Hybrid storage arrays leverage a combination of spinning disk and flash disks to create systems that feature many of the performance benefits of flash coupled with the capacity benefits inherent in disk-based systems. Remember, even as the cost of flash comes down, hard drive manufacturers continue to push physical limitations to increase the data density of spinning disks. The result is constantly cheaper hard drives with a cost per GB that simply can’t be beat, especially if data reduction in the form of compression and deduplication are included.
How Flash is Leveraged
When used in hybrid systems, solid state disks serve as either a huge caching layer sitting in front of spinning disks or as a performance tier of storage or, in many cases, they serve both functions. Hybrid storage devices have proven themselves to be a popular option for organizations that have experienced performance issues with spinning disk legacy storage systems but that do not yet need the raw performance that all flash arrays provide.

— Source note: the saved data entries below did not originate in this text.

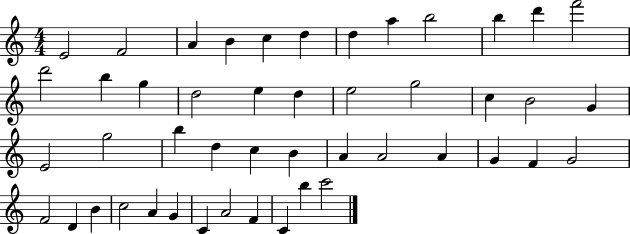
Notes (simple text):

E4/h F4/h A4/q B4/q C5/q D5/q D5/q A5/q B5/h B5/q D6/q F6/h D6/h B5/q G5/q D5/h E5/q D5/q E5/h G5/h C5/q B4/h G4/q E4/h G5/h B5/q D5/q C5/q B4/q A4/q A4/h A4/q G4/q F4/q G4/h F4/h D4/q B4/q C5/h A4/q G4/q C4/q A4/h F4/q C4/q B5/q C6/h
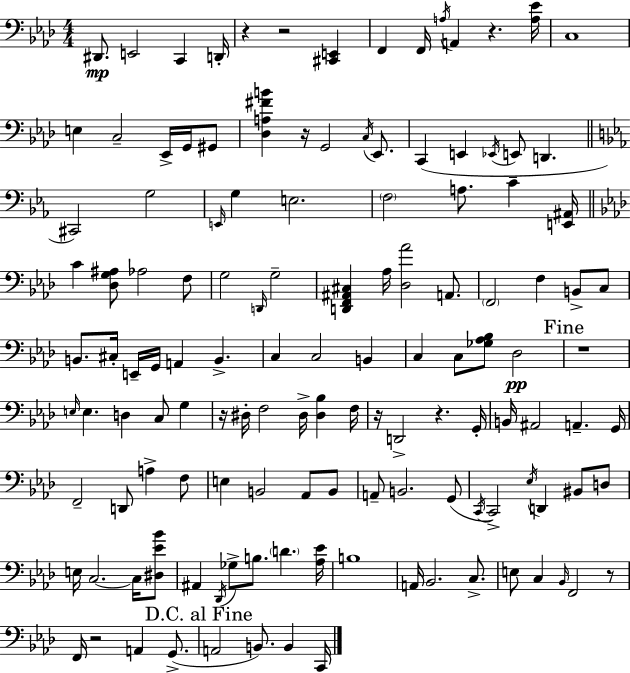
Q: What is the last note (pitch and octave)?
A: C2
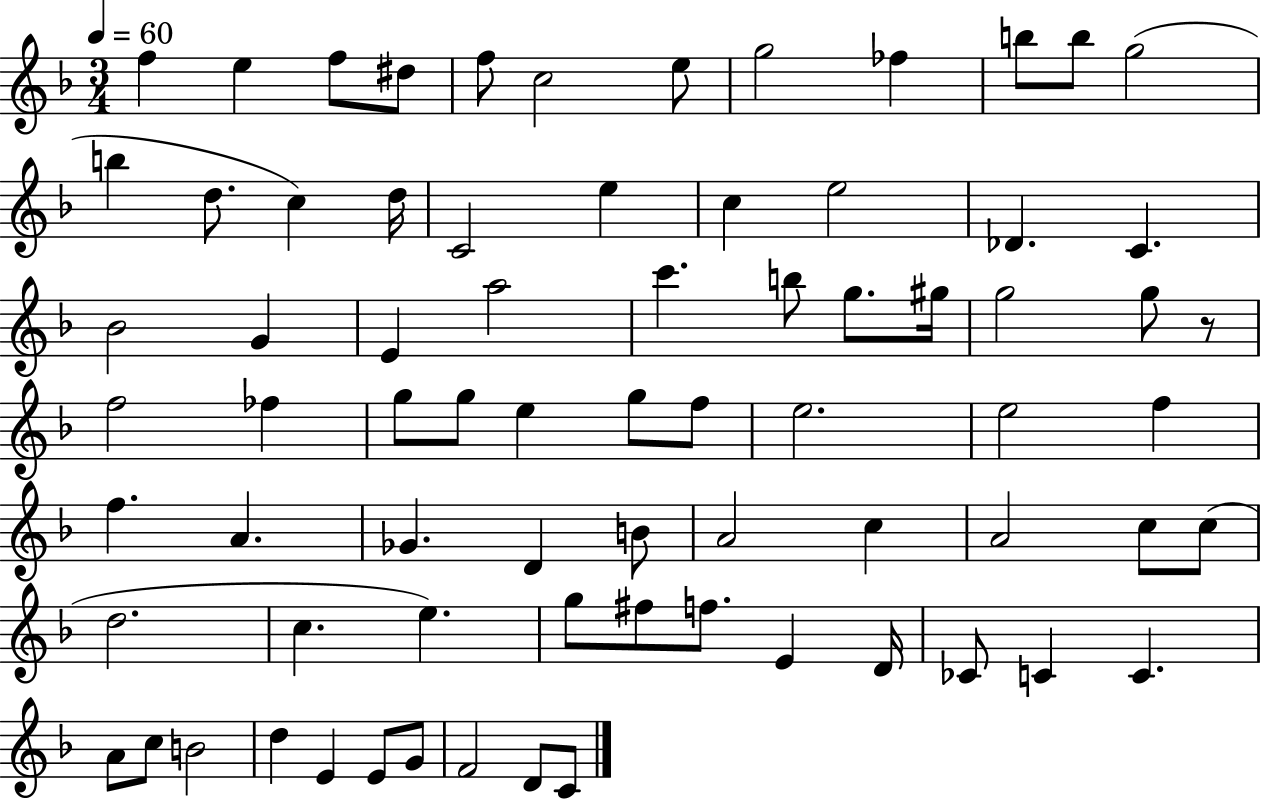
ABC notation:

X:1
T:Untitled
M:3/4
L:1/4
K:F
f e f/2 ^d/2 f/2 c2 e/2 g2 _f b/2 b/2 g2 b d/2 c d/4 C2 e c e2 _D C _B2 G E a2 c' b/2 g/2 ^g/4 g2 g/2 z/2 f2 _f g/2 g/2 e g/2 f/2 e2 e2 f f A _G D B/2 A2 c A2 c/2 c/2 d2 c e g/2 ^f/2 f/2 E D/4 _C/2 C C A/2 c/2 B2 d E E/2 G/2 F2 D/2 C/2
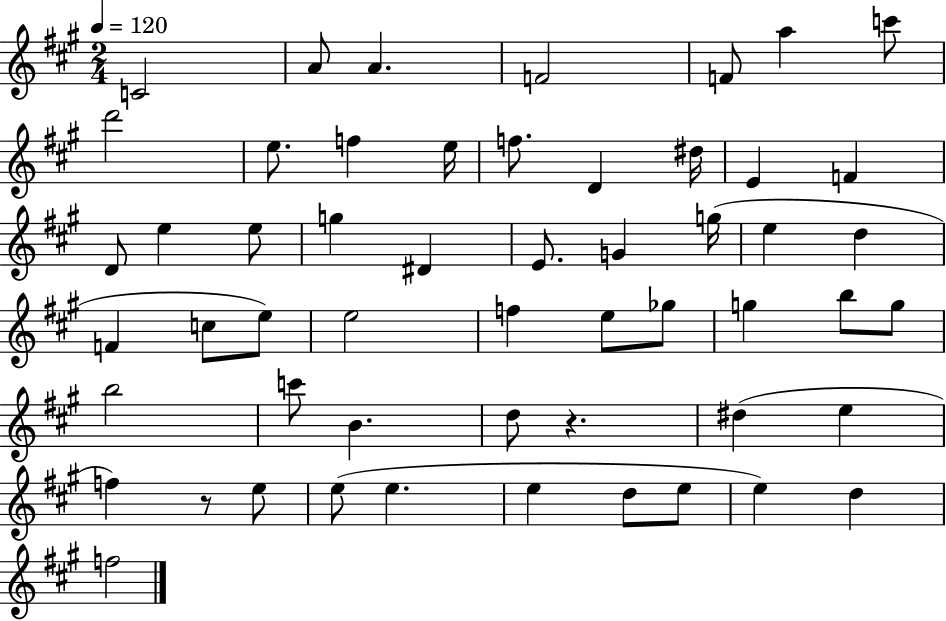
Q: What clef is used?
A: treble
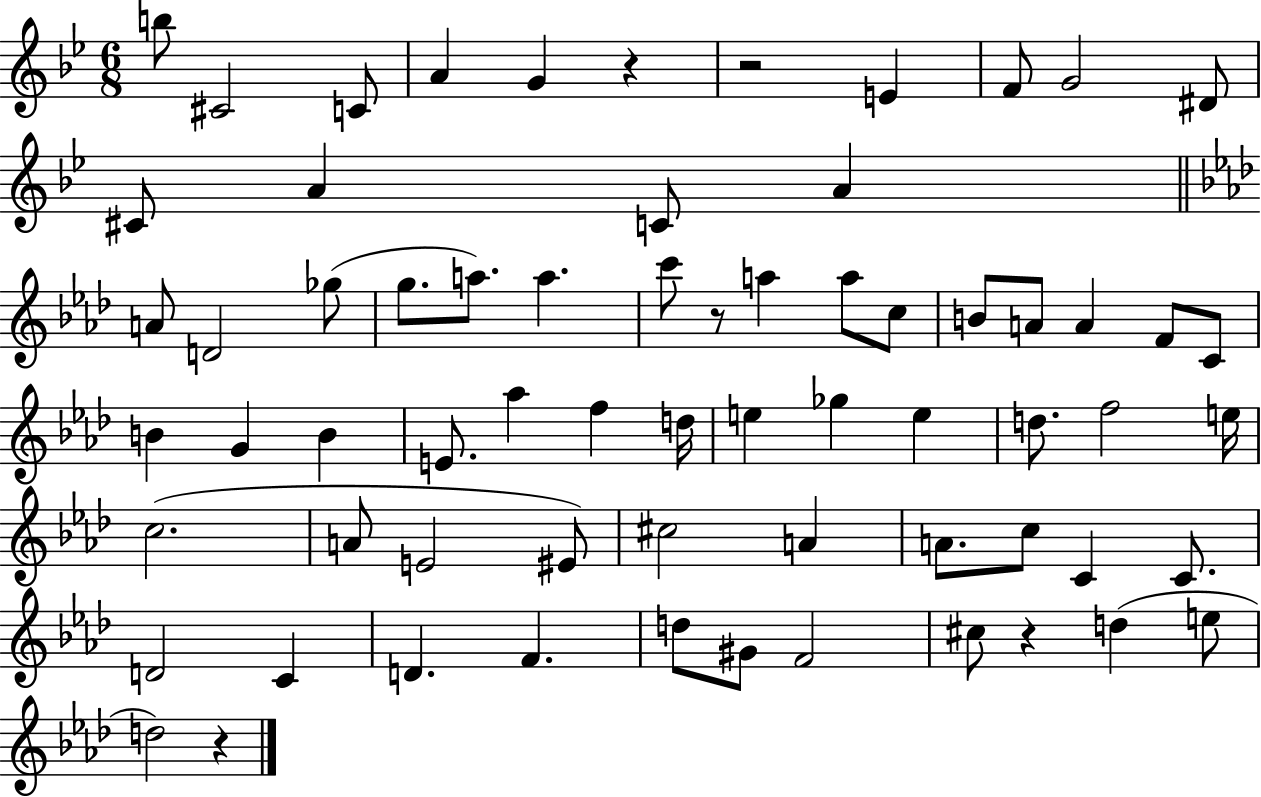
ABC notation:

X:1
T:Untitled
M:6/8
L:1/4
K:Bb
b/2 ^C2 C/2 A G z z2 E F/2 G2 ^D/2 ^C/2 A C/2 A A/2 D2 _g/2 g/2 a/2 a c'/2 z/2 a a/2 c/2 B/2 A/2 A F/2 C/2 B G B E/2 _a f d/4 e _g e d/2 f2 e/4 c2 A/2 E2 ^E/2 ^c2 A A/2 c/2 C C/2 D2 C D F d/2 ^G/2 F2 ^c/2 z d e/2 d2 z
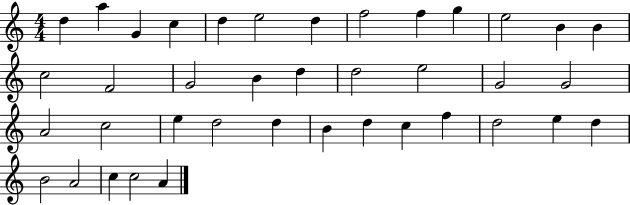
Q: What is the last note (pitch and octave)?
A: A4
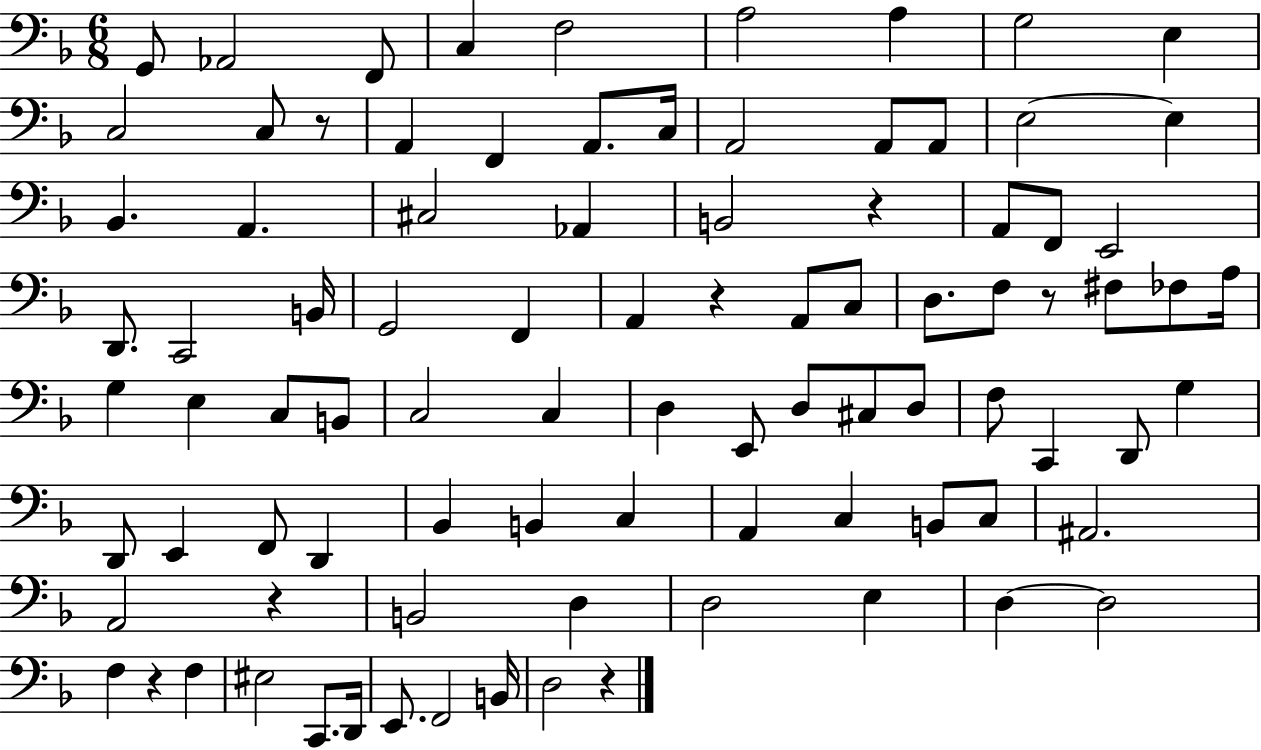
{
  \clef bass
  \numericTimeSignature
  \time 6/8
  \key f \major
  g,8 aes,2 f,8 | c4 f2 | a2 a4 | g2 e4 | \break c2 c8 r8 | a,4 f,4 a,8. c16 | a,2 a,8 a,8 | e2~~ e4 | \break bes,4. a,4. | cis2 aes,4 | b,2 r4 | a,8 f,8 e,2 | \break d,8. c,2 b,16 | g,2 f,4 | a,4 r4 a,8 c8 | d8. f8 r8 fis8 fes8 a16 | \break g4 e4 c8 b,8 | c2 c4 | d4 e,8 d8 cis8 d8 | f8 c,4 d,8 g4 | \break d,8 e,4 f,8 d,4 | bes,4 b,4 c4 | a,4 c4 b,8 c8 | ais,2. | \break a,2 r4 | b,2 d4 | d2 e4 | d4~~ d2 | \break f4 r4 f4 | eis2 c,8. d,16 | e,8. f,2 b,16 | d2 r4 | \break \bar "|."
}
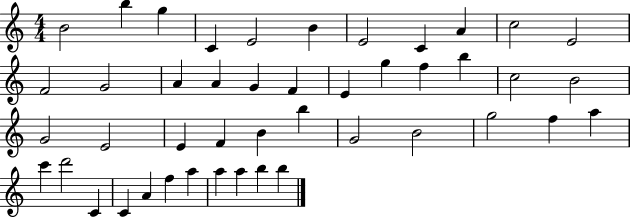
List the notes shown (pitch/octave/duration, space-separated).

B4/h B5/q G5/q C4/q E4/h B4/q E4/h C4/q A4/q C5/h E4/h F4/h G4/h A4/q A4/q G4/q F4/q E4/q G5/q F5/q B5/q C5/h B4/h G4/h E4/h E4/q F4/q B4/q B5/q G4/h B4/h G5/h F5/q A5/q C6/q D6/h C4/q C4/q A4/q F5/q A5/q A5/q A5/q B5/q B5/q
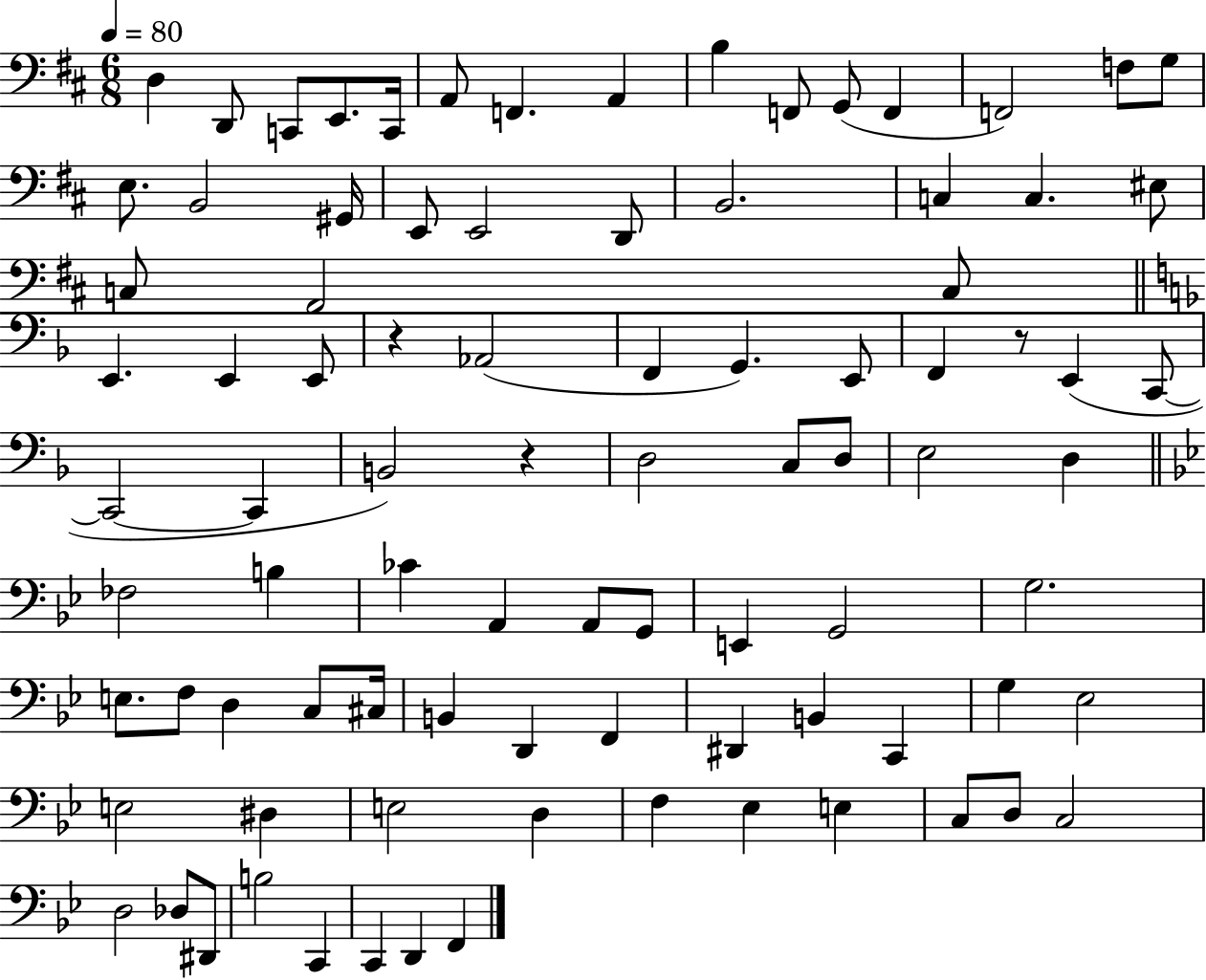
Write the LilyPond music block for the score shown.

{
  \clef bass
  \numericTimeSignature
  \time 6/8
  \key d \major
  \tempo 4 = 80
  d4 d,8 c,8 e,8. c,16 | a,8 f,4. a,4 | b4 f,8 g,8( f,4 | f,2) f8 g8 | \break e8. b,2 gis,16 | e,8 e,2 d,8 | b,2. | c4 c4. eis8 | \break c8 a,2 c8 | \bar "||" \break \key f \major e,4. e,4 e,8 | r4 aes,2( | f,4 g,4.) e,8 | f,4 r8 e,4( c,8~~ | \break c,2~~ c,4 | b,2) r4 | d2 c8 d8 | e2 d4 | \break \bar "||" \break \key bes \major fes2 b4 | ces'4 a,4 a,8 g,8 | e,4 g,2 | g2. | \break e8. f8 d4 c8 cis16 | b,4 d,4 f,4 | dis,4 b,4 c,4 | g4 ees2 | \break e2 dis4 | e2 d4 | f4 ees4 e4 | c8 d8 c2 | \break d2 des8 dis,8 | b2 c,4 | c,4 d,4 f,4 | \bar "|."
}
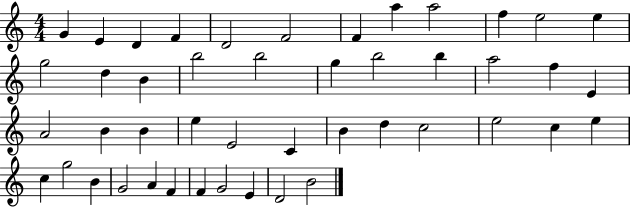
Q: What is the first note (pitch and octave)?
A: G4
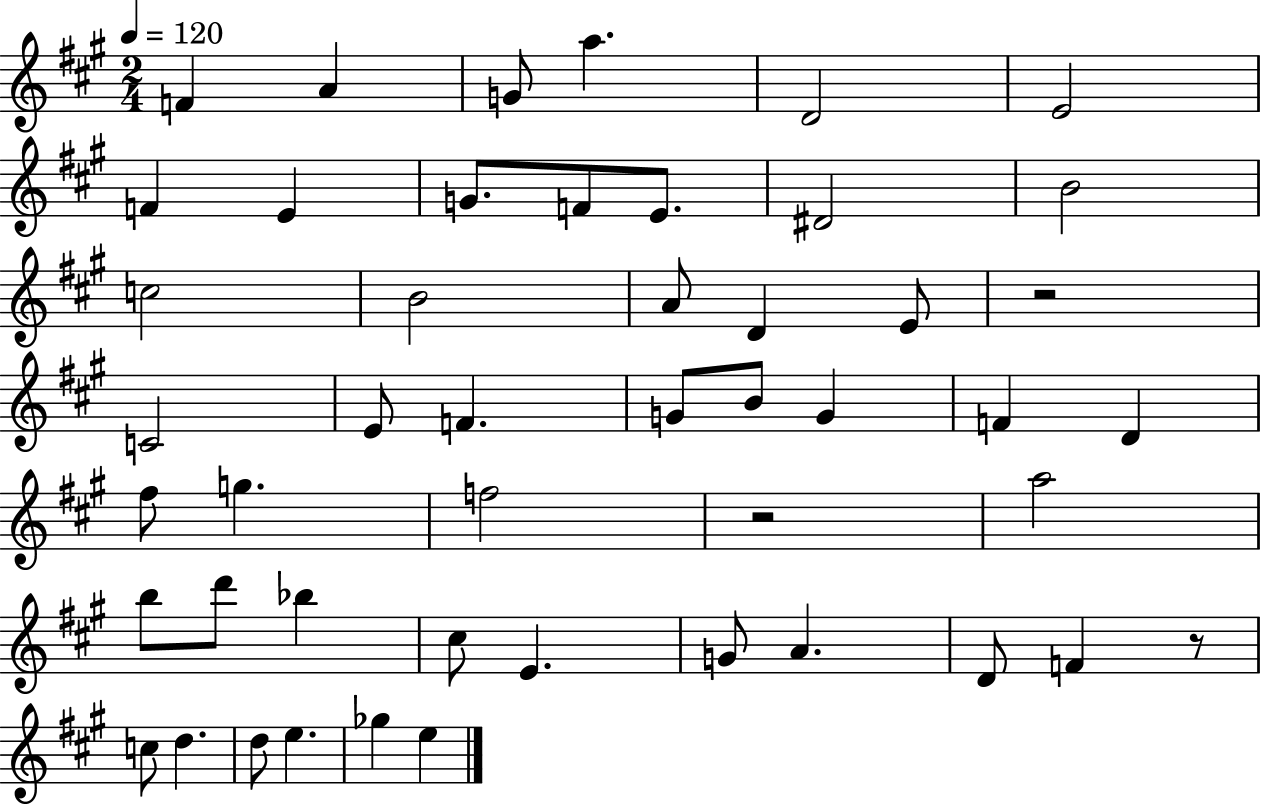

Flash Type Matters in Hybrid
However, hybrid storage systems – especially as the cost of flash continues to drop – are not necessarily the panacea that they once were. For example, the flash storage in hybrid systems has to be far more resilient than it does in all flash systems. The reason: bear in mind that flash storage cells can withstand a finite number of cycles before cells begin to degrade, making them unable to store data. With flash used as a caching layer, there is often a very high degree of data “churn” taking place behind the scenes. Data churn refers to the speed with which data is being changed on the disk. The higher the level of churn, the faster that the flash media program/erase cycles are consumed.
As such, flash in these systems needs to support higher numbers of cycles and be more resilient than is necessary in lower churn scenarios. Flash in a hybrid system needs to be top grade, which also means that it will carry a price premium.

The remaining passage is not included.